第38回 アーノンクールの40年
昨年、25年ぶりに日本を訪れたのに続いて、今年はその指揮による演奏会が開かれることになった。カラヤンが生きていたころには、「音楽の都」ウィーンに拠点を置きながら王道を行くことを拒否する異端者として、刺激的かつ挑発的な活動を続けていたアーノンクールも、ここ10年ほどはウィーン・フィルやそのニュー・イヤー・コンサート、さらにベルリン・フィルなどの演奏会も当然のように指揮するようになった。
もちろん、保守的伝統を持つそれらのオーケストラを指揮しても、つねに斬新な視点から作品とその演奏を見つめなおすアーノンクールの姿勢は変わっていない。ウィーン・フィルを指揮してスメタナの交響詩を指揮するときにも、ピリオド楽器の団体を指揮してモンテヴェルディの歌劇を指揮するときと同じく、古びた作品の時代の垢を洗い落とし、新鮮な色彩を甦えらせる手法がとられているのだ。

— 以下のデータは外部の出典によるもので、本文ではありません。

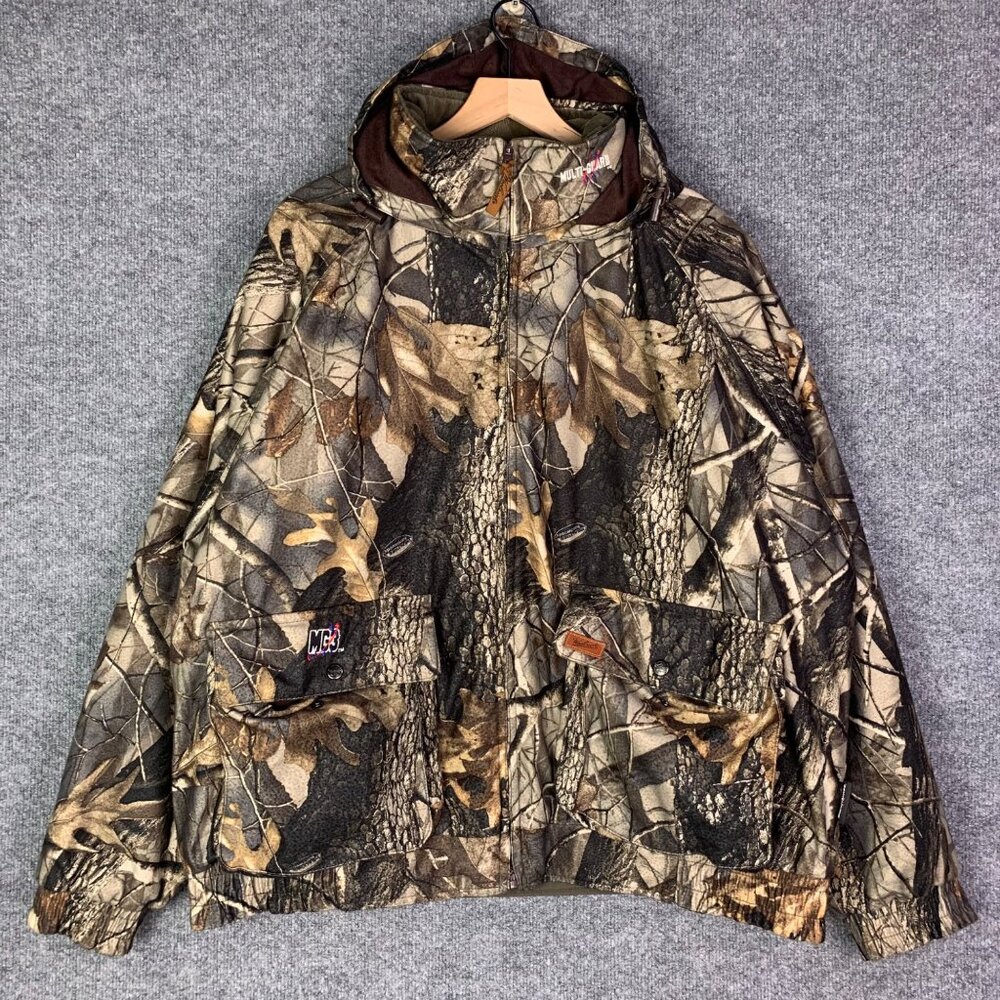Woolrich MG3 Multi Guard RealTree Camo‎ Reversible Thermore Full Zip  Jacket 2XL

レコードの上でのその活動は、1960年代初めから数えて、すでに40年を越える長さに及んでいる。11月6日から11日と13日から18日までの日曜日を除く2週間、昼12時からお送りする「スペシャル・セレクション」では、若いときから現在に至るまで、アーノンクールの指揮をたっぷりとお聴きいただこうと思う。
山崎浩太郎(やまざきこうたろう)
1963生まれ。「レコード芸術」を始め、音楽雑誌、CDのライナーなどで活躍中。クラシックの演奏史の中に現代を位置づける活動を行っている。最近特に海外盤に目立ついわゆる「ヒストリカルもの」(放送局のライブ音源をCD化したものやSPやLPの時代の録音のCD化)には滅法強い。